This paper represents a review of the last 32 years of geochronological work in the Central and Western Alps. Some of these data, distributed in over 240 papers, are poorly accessible, thus starting to fade away from the view of Alpine geologists. The data have been represented on 7 maps, 3 of which, at a scale of 1:800'000, cover the area from the Alpine/Apennine boundary near Genova, through to the western Silvretta. Map I contains Rb-Sr data, map II summarizes the K-Ar and Ar-Ar mineral data. Map III shows U-Pb and whole rock data, and therefore represents our knowledge of the pre-Alpine history. The ages on maps I and II are represented by a colour code, the symbol on the maps represents the mineral concerned. A number, printed near the symbol leads to the references, which are given both in numerical and alphabetical order. 4 maps of the Central Alps are at a scale of 1 :635 000, Maps IV and V give the fission track data for apatite and zircon respectively. On maps VI and VII, the K-Ar and Rb-Sr data are. given respectively at the same scale for direct comparison. The interpretation of the mineral data is presented in the light of the cooling and blocking temperature concept, which is discussed in detail. All ages are calculated using the IUGS recommended constants.

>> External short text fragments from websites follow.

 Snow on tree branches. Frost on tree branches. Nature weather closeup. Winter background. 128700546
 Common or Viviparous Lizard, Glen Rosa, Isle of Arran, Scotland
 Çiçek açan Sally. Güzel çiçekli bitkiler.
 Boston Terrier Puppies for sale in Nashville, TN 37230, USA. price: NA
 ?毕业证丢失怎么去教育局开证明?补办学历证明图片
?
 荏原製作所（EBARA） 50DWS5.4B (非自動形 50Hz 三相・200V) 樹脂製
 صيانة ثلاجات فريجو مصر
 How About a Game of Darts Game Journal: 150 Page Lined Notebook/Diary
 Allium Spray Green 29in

The present compilation of joint geochronological research in the Central and Western Alps reveals surprising inhomogenieties both in regional and temporal distribution. The Western Alps contain practically no Rb-Sr and U-Pb data. A majority of the data deals with the Alpine metamorphism and with the cooling after the Alpine orogeny. From pre-Variscan times, only little can be said with certainty, no pre-Variscan mica ages having been found so far. Widespread Variscan granitoids (360-280 Ma) which become more acidic with time, intruded a pre-Variscan polymetamorphic basement of generally lower crustal origin, with maximum sedimentation ages between 1000 and 500 Ma. Around 300 Ma before present calcalkaline magmatism, both intrusive and effusive started, and lasted until mid Permian, the onset of Verrucano sedimentation. These late Variscan magmatic phases mark the onset of continental thinning and rifting, with high heat flow and concomitant hydrothermalism along preferred lystric planes geochemically completely altering the adjacent rocks and thus lowering their radiometric ages. In the Austroalpine/Southalpine units, mica ages between 240 and 140 Ma mark the slow uplift and cooling of these zones, from lower to upper crustal conditions.

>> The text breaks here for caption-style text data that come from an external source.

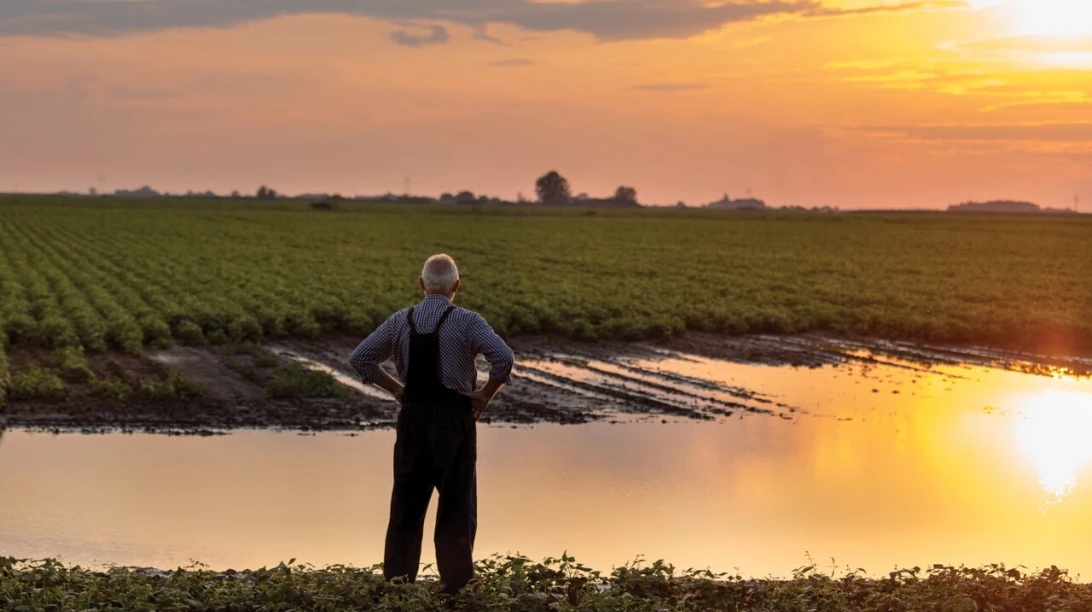 Un homme regarde un champ inondé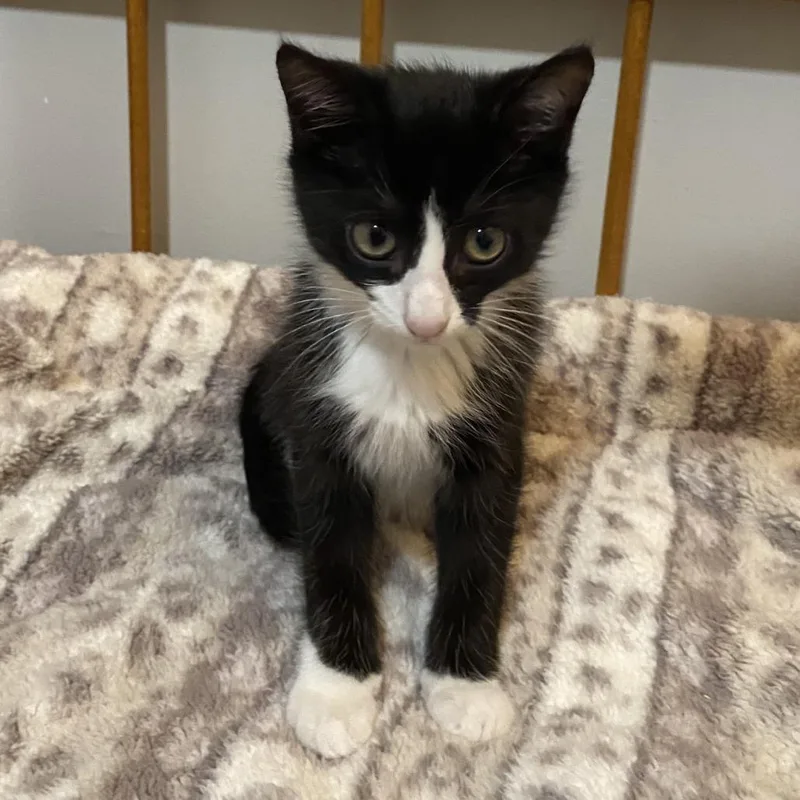 A baby small-sized male Black Domestic Short Hair cat named Boo for adoption in Walnut Cove, NC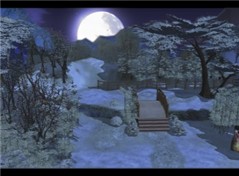 moonlight
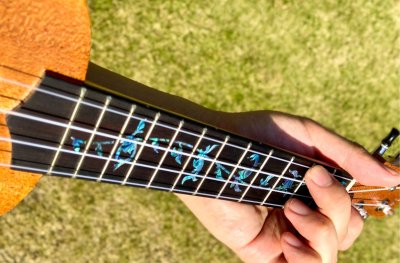 画像3: ツリー・オブ・ライフ(アバロンBLUE) /ウクレレ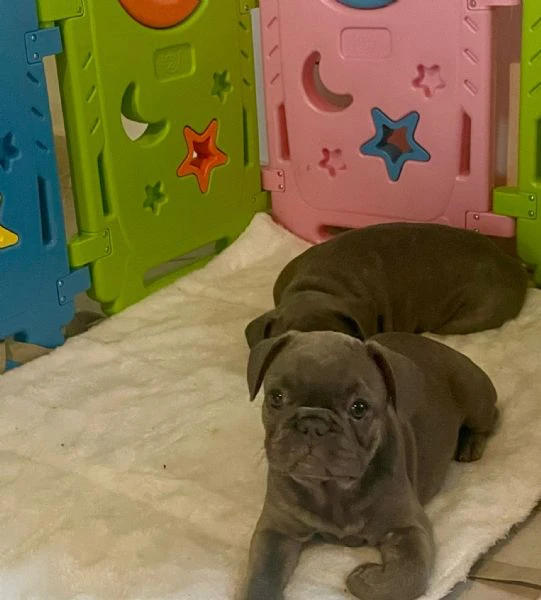 bulldog francesi cuccioli 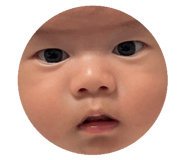 652814067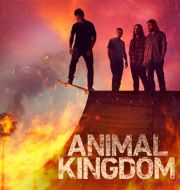 Animal Kingdom, Season 6 à télécharger 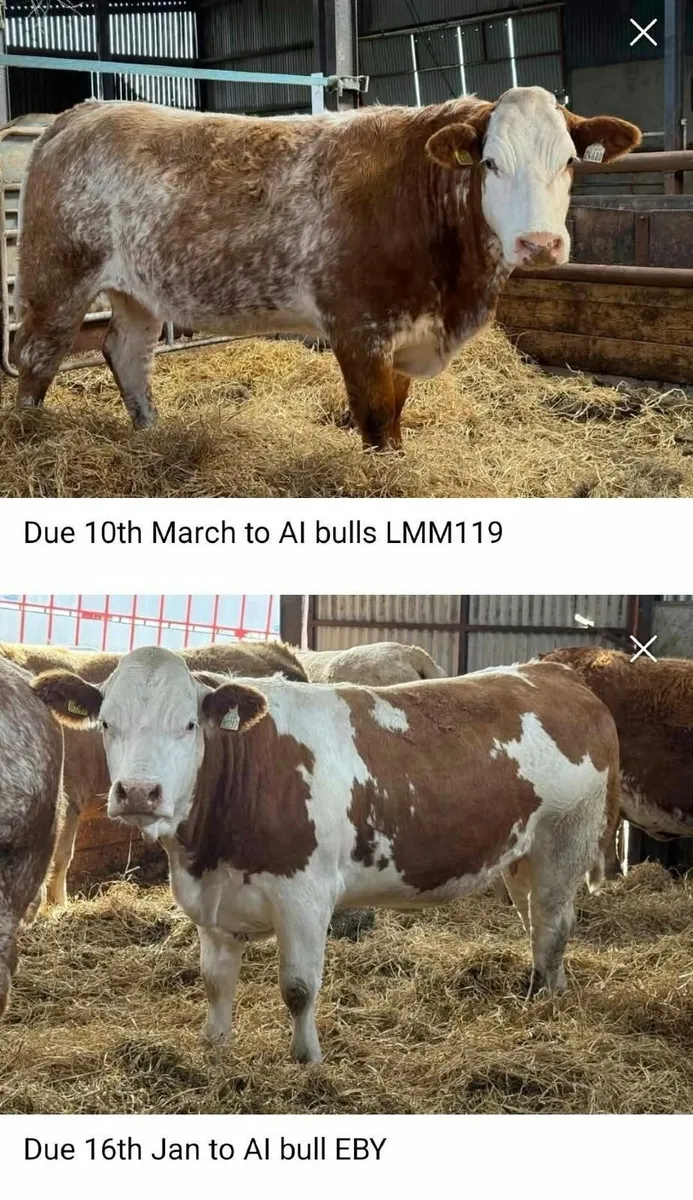 Incalf heifers  Stranorlar Mart - Image 2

The Eoalpine orogeny has been subdivided into an early eclogitic stage (140-85 Ma) and a later blueschist and cooling stage (85-60 Ma). The coïncidence of two or more different chronometers facilitates the interpretation of the Eoalpine age data.
The Tertiary has been subdivided into 4 phases, the ±30 Ma calcalkaline magmatism subdividing the Cenozoic era into the Mesoalpine and Neoalpine.
1) The period between 60 and 45 Ma is characterized by relative quiescence (Trümpy's 1961 restoration phase). These ages can be interpreted in different ways. For example, as mixed pre-Alpine/Tertiary ages, mixed Eoalpine /Tertiary; or as ages from regions without a pronounced break in the P-T-conditions between the Eoalpine and Tertiary evolution.
2) The 45-30 Ma period marks the Mesoalpine metamorphic phase, found dominantly outside the area. Therefore the term Lepontine phase (as used by the Bern group) for this age range implies a more local distribution and is thus inapropriate.
3) Ages between 30 and 0 Ma mark the Neoalpine event, subdivided (arbitrarily at 15 Ma - a more or less quiet period) into early and
4) late Neoalpine.
The Alpine movements of major tectonic lines, such as the Insubric line, the Simplon line and the Aosta-Ranzola line, have been dated both during their ductile as well as their brittle movements, by means of mineral ages. Thus periods of polyphase Alpine movements, ranging from as early as Jurassic and lasting throughout the whole Tertiary have been identified. Also Jurassic, Cretaceous, and Miocene movements along major thrust planes of nappes have been dated with success, principally by the K-Ar and Ar-Ar methods on dynamically recrystallized K­white micas. Cooling curves for a great variety of different regions in the Central Alps have been established.